YOUR TASK> Nothing but the lines below from the one containing "image:imageVEVOR Hose Reel" through the one containing "Item preview, Jones" should appear in the answer, exact and without pictures.

EXTRACTED ENTRIES>
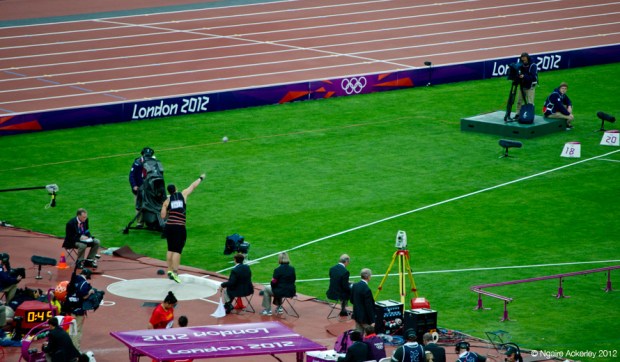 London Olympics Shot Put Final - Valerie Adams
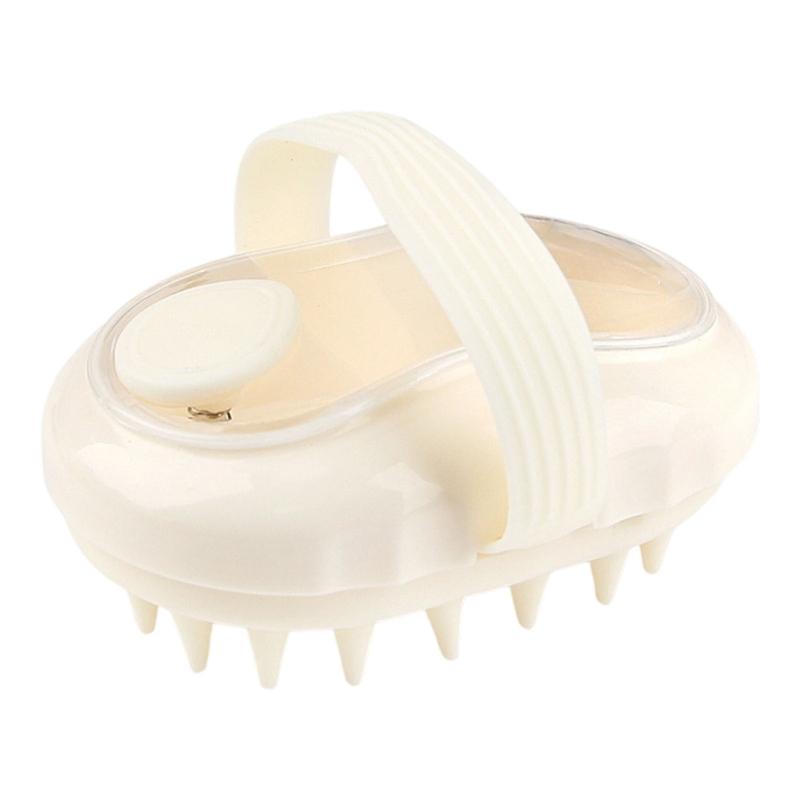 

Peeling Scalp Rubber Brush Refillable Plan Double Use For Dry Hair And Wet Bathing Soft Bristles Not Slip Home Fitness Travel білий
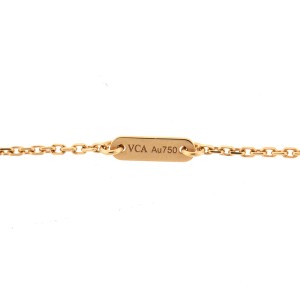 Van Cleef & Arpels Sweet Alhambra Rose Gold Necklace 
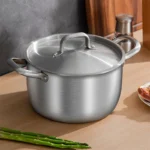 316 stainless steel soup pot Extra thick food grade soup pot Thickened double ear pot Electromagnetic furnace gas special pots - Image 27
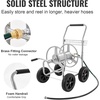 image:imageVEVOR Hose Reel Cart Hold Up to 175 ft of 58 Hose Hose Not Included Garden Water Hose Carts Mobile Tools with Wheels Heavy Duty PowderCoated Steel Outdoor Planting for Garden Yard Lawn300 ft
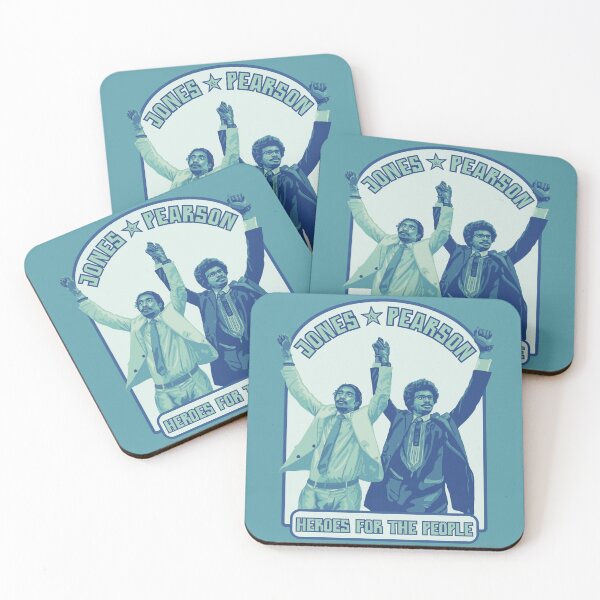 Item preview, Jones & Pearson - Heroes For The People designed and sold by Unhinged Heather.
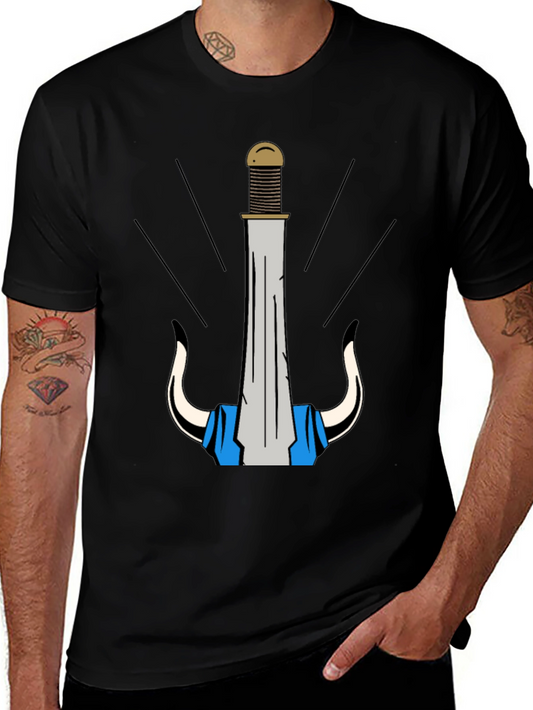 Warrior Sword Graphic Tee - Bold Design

EXERCISE RESPONSE>
 image:imageVEVOR Hose Reel Cart Hold Up to 175 ft of 58 Hose Hose Not Included Garden Water Hose Carts Mobile Tools with Wheels Heavy Duty PowderCoated Steel Outdoor Planting for Garden Yard Lawn300 ft
 Item preview, Jones & Pearson - Heroes For The People designed and sold by Unhinged Heather.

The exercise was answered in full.